Classification Token [CLS] and Separator Token [SEP] are special tokens that provide information about the input provided to the model we choose. [CLS] marks the initiation of the sequence for the BERT model. [SEP] separates sentences in sentence-pair tasks. It aids the model in capturing the relationships between two sentences that are concatenated using [SEP]. Note the use of padding [PAD] to fill-up the input sequence to a fixed length.

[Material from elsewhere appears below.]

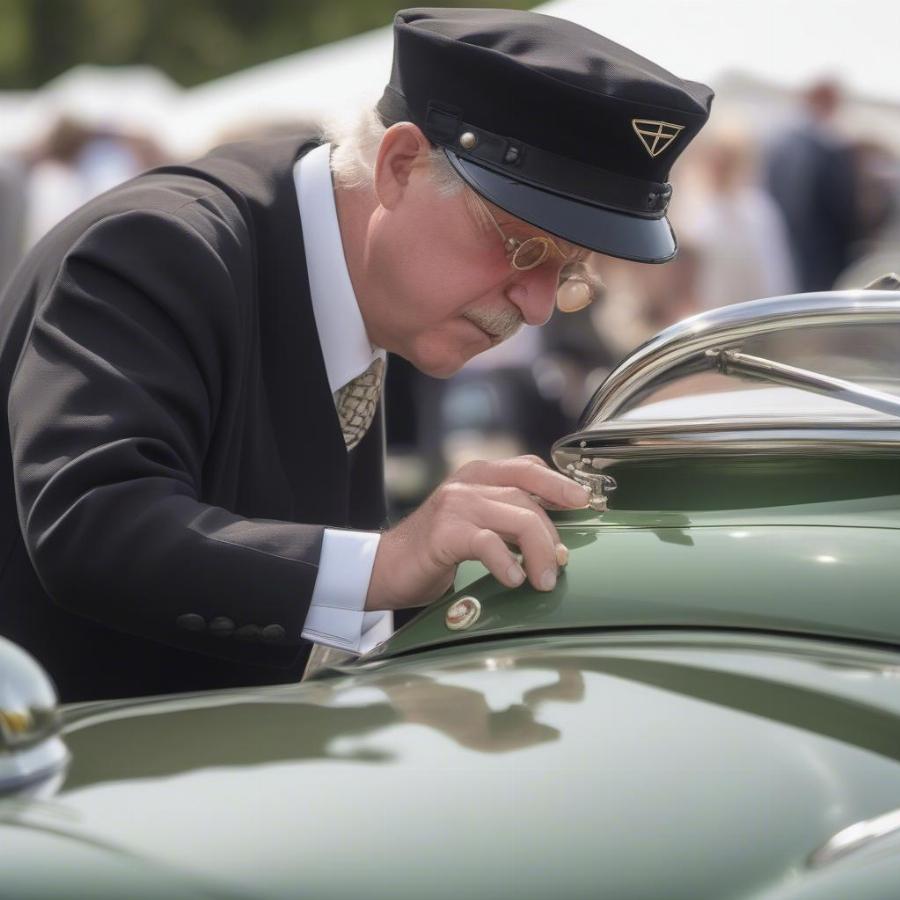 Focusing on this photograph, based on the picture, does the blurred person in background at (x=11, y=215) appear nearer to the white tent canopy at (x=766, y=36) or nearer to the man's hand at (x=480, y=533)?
the white tent canopy at (x=766, y=36)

In this context, we are employing the BertTokenizerFast with the tokenization strategy of the pre-trained model bert-base-multilingual-uncased to convert text to lowercase and eliminate capitalization. Lowercase inputs typically result in a smaller number of tokens and tend to generalize better for unseen text sequences during production phase. However, we can later explore the possibility of using cased inputs to evaluate model performance.
As indicated by the boxplot above, all GO term definitions conform to the input size requirements for fine-tuning (510 tokens). Nonetheless, we might consider limiting the input length to expedite the fine-tuning process. To proceed, we will create the dataset with training and test sets using Hugging Face's Dataset library. We will employ stratification to maintain the distribution of labels between datasets.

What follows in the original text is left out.